J’ai donc supplié Dominique Labbé d’étendre sa merveilleuse machine à l’analyse croisée des textes de Florio et Shakespeare. Hélas, les protocoles sont très stricts et on ne peut comparer que le comparable, les tragédies aux tragédies, les sonnets aux sonnets, les épitres dédicatoires aux matériaux préfaciels à condition que ceux-ci excèdent une longueur raisonnable (au-delà de mille signes)… Or aucune intersection de cette nature n’est disponible entre nos deux corpus malgré le fait, à première vue encourageant, que Florio fut lexicographe, auteur de considérables dictionnaires, et que des centaines de mots forgés par lui (qui connaissait sept langues) se retrouvent dans le vocabulaire du Barde…

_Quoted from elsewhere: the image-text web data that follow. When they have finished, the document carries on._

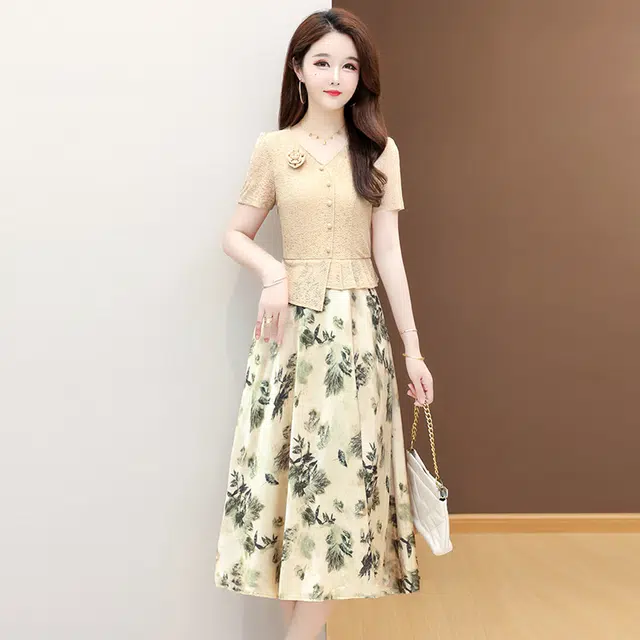 缪斯的诱惑 大码假两件收腰显瘦洋气短袖连衣裙 女款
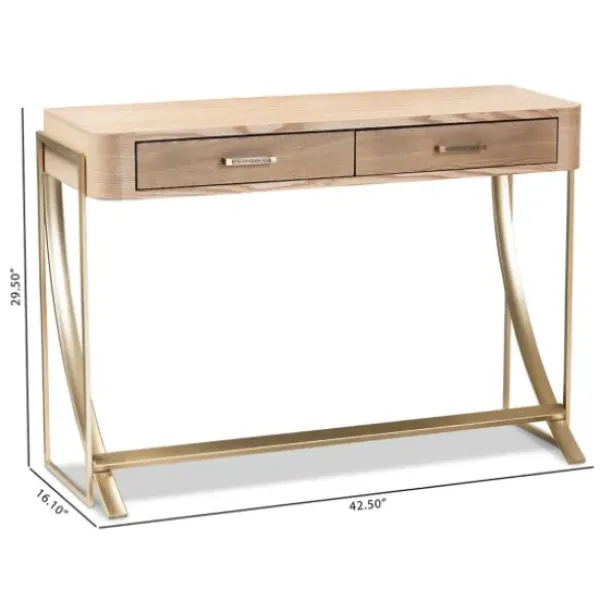 Console Tables-Kirkland's Home Gold Metal Frame Two-Drawer Console Table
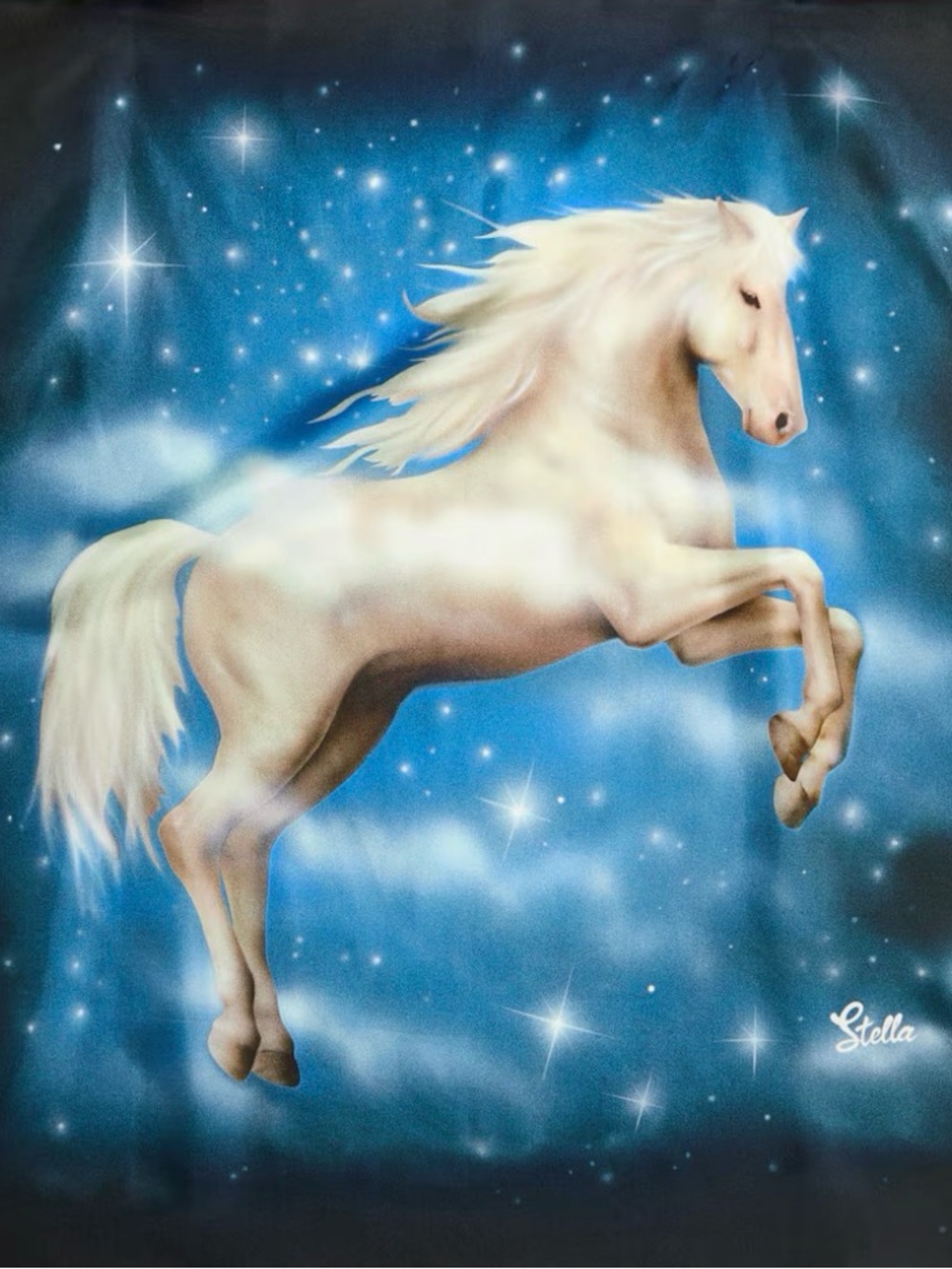 Stella McCartney X H&MCream White Horse Print Silk Scarf on Blue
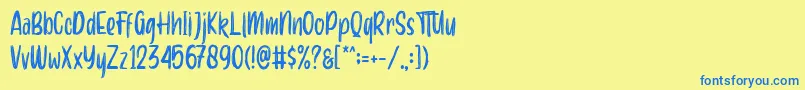 Więcej informacji o czcionce Aero brush demo Czcionka Aero brush demo – niebieskie czcionki na żółtym tle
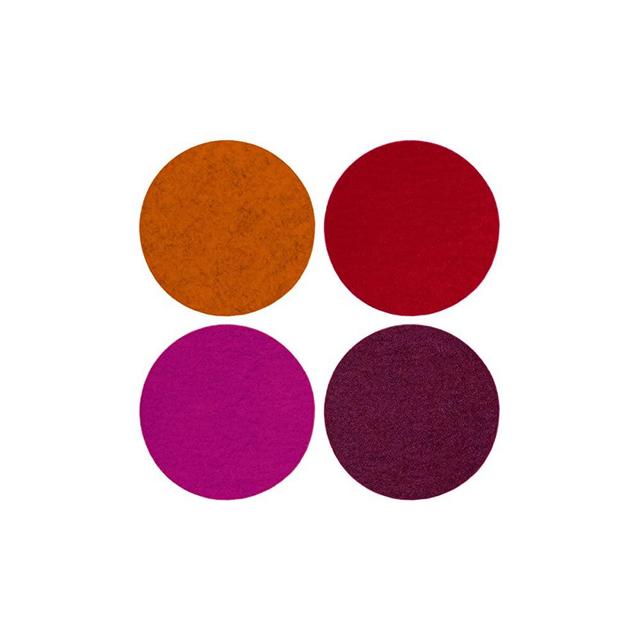 Graf Lantz Bierfilzl Round Felt Coasters - Multi-Color Set of 4 - 100% Merino Wool - Water-Wicking, Stain-Resistant, Absorbent (Bordeaux)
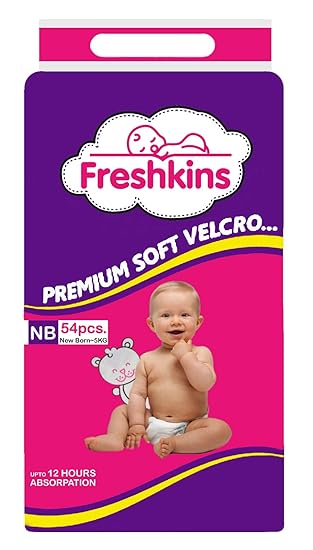 Freshkins Taped Diaper, White,New Born, 54 Unit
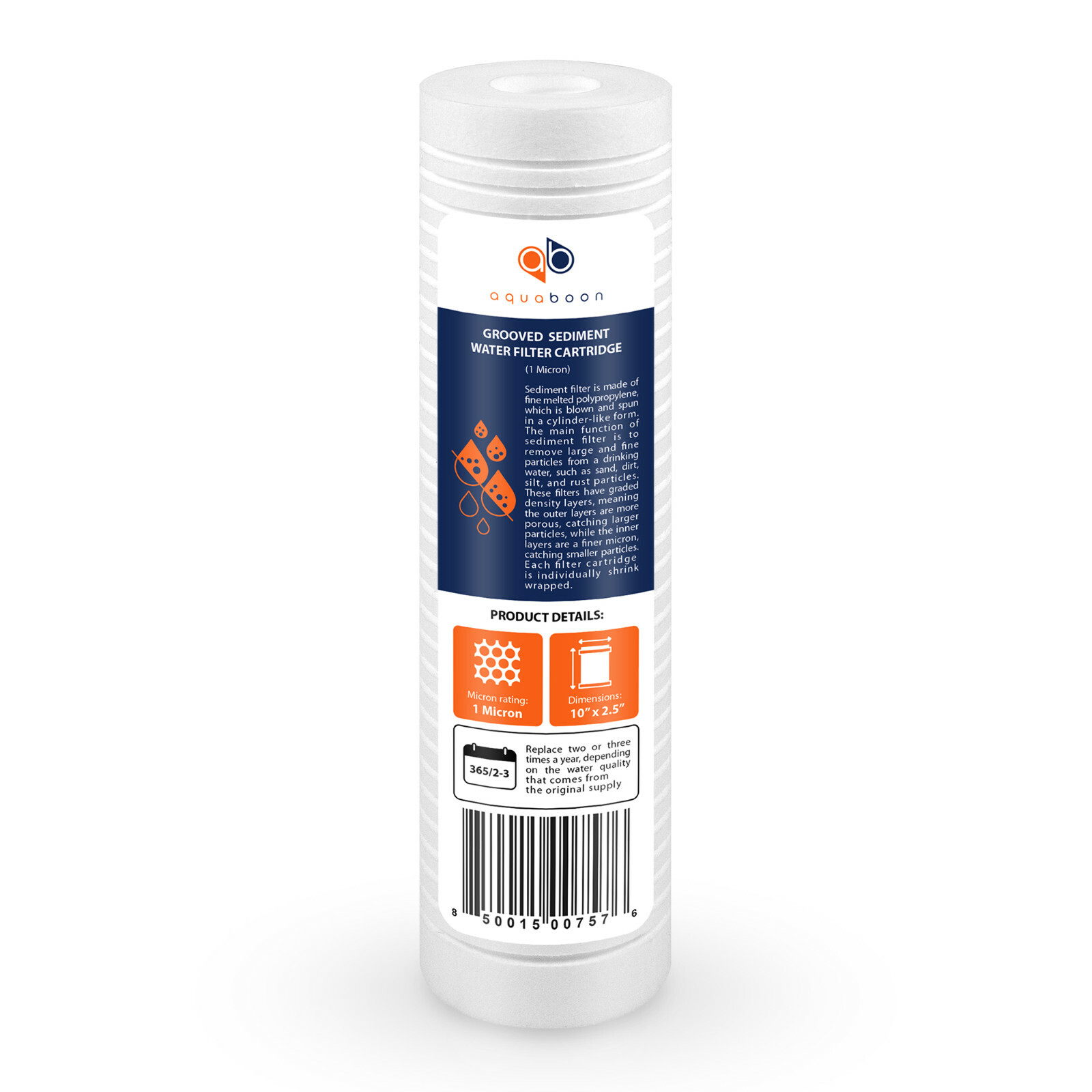 Grooved Sediment Water Filter 1 Micron 10″ x 2.5″ size 25 PACK by Aquaboon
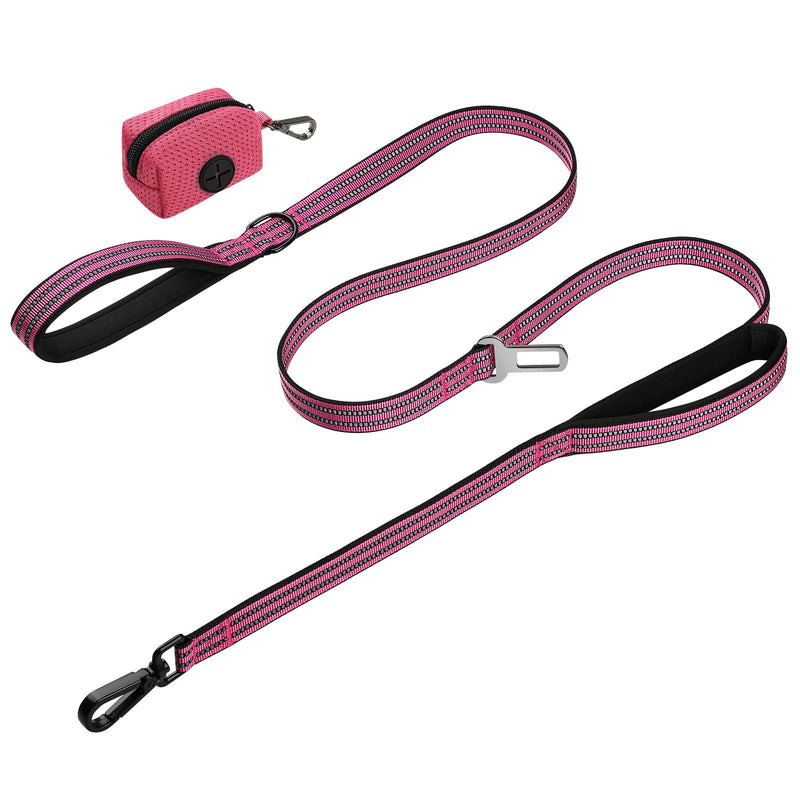 WINGOIN Heavy Duty Dog Leash for Large Medium Small Dogs, Reflective Tactical Dog Training Leash with Double Handles, Poop Bag Holder, Safety Buckle, 6FT Long Lead for Dogs Walking, Running, Pink - PawsPlanet Australia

Que nous apprend d’autre Michaël Edwards (notamment connu par ses cours au Collège de France comme le théoricien de l’émerveillement) dans Le Monde d’hier ? Au fond, sa légèreté me rassure : les « stratfordiens » ne sont pas des gens sérieux. Au lieu de peser avec intérêt et impartialité les objections de fond, ils sacralisent la chose jugée et tournent les objections contre elle en moqueries. Dormez sur vos deux oreilles, cher Professeur, vous pourrez bien ajouter les livres aux livres et continuer entre Académiciens à « chier du marbre », la recherche ne passe pas par vous et vous aurez peut-être la surprise, un prochain jour, de vous réveiller face à un Shakespeare assez différent de celui que vous croyez connaître.